Lidah memang lunak dan tak bertulang, namun perkataan yang tajam dapat melukai orang lain. Mungkin itulah istilah tepat untuk menggambarkan bagaimana perasaan orang-orang yang pernah merasakan bullying, suatu kasus yang seringkali tidak terhindarkan terutama di sekolah. Bullying adalah penggunaan kekuasaan atau kekuatan untuk menyakiti seseorang atau sekelompok, menindas dan membuat perasaan orang lain tidak nyaman dan terancam.
Bullying seringkali terlihat sebagai bentuk-bentuk perilaku berupa pemaksaan atau usaha menyakiti orang lain secara fisik maupun psikologis yang nampak lebih ‘lemah’ oleh seseorang atau sekelompok orang yang mempersepsikan dirinya lebih ‘kuat’. Perbuatan pemaksaan atau menyakiti ini kerap terjadi di dalam sebuah kelompok misalnya kelompok siswa satu sekolah.
Tindakan bullying biasanya sering diarahkan berulang kali terhadap korban, bisa saja atas dasar ras, agama, gender, seksualitas, atau kemampuan. Sebenarnya bullying tidak hanya meliputi kekerasan fisik, seperti memukul, menjambak, menampar, memalak dan sebagainya, tetapi juga dapat berbentuk kekerasan verbal, seperti memaki, mengejek, memfitnah dan berbentuk kekerasan psikologis seperti mengintimidasi, mengucilkan, mendiskriminasikan.

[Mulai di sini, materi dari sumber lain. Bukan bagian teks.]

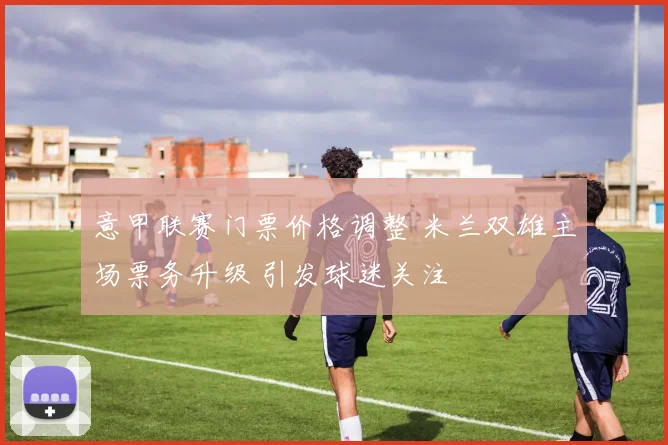 意甲联赛门票价格调整 米兰双雄主场票务升级 引发球迷关注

Bullying yang terjadi di sekolah memiliki dampak yang sangat serius, baik itu dalam jangka pendek maupun jangka panjang. Dampak jangka pendek yang ditimbulkan adalah berupa perasaan tidak aman, takut pergi ke sekolah, merasa terisolasi, memiliki harga diri yang rendah. Hal yang paling mengerikan adalah dampak jangka panjang yaitu, korban akan merasa stress yang berakibat pada tindakan bunuh diri, menderita gangguan perilaku dan emosional. Mereka akan merasa tertekan dan trauma sehingga mempersepsikan dirinya selalu sebagai pihak yang lemah, yang tidak berdaya.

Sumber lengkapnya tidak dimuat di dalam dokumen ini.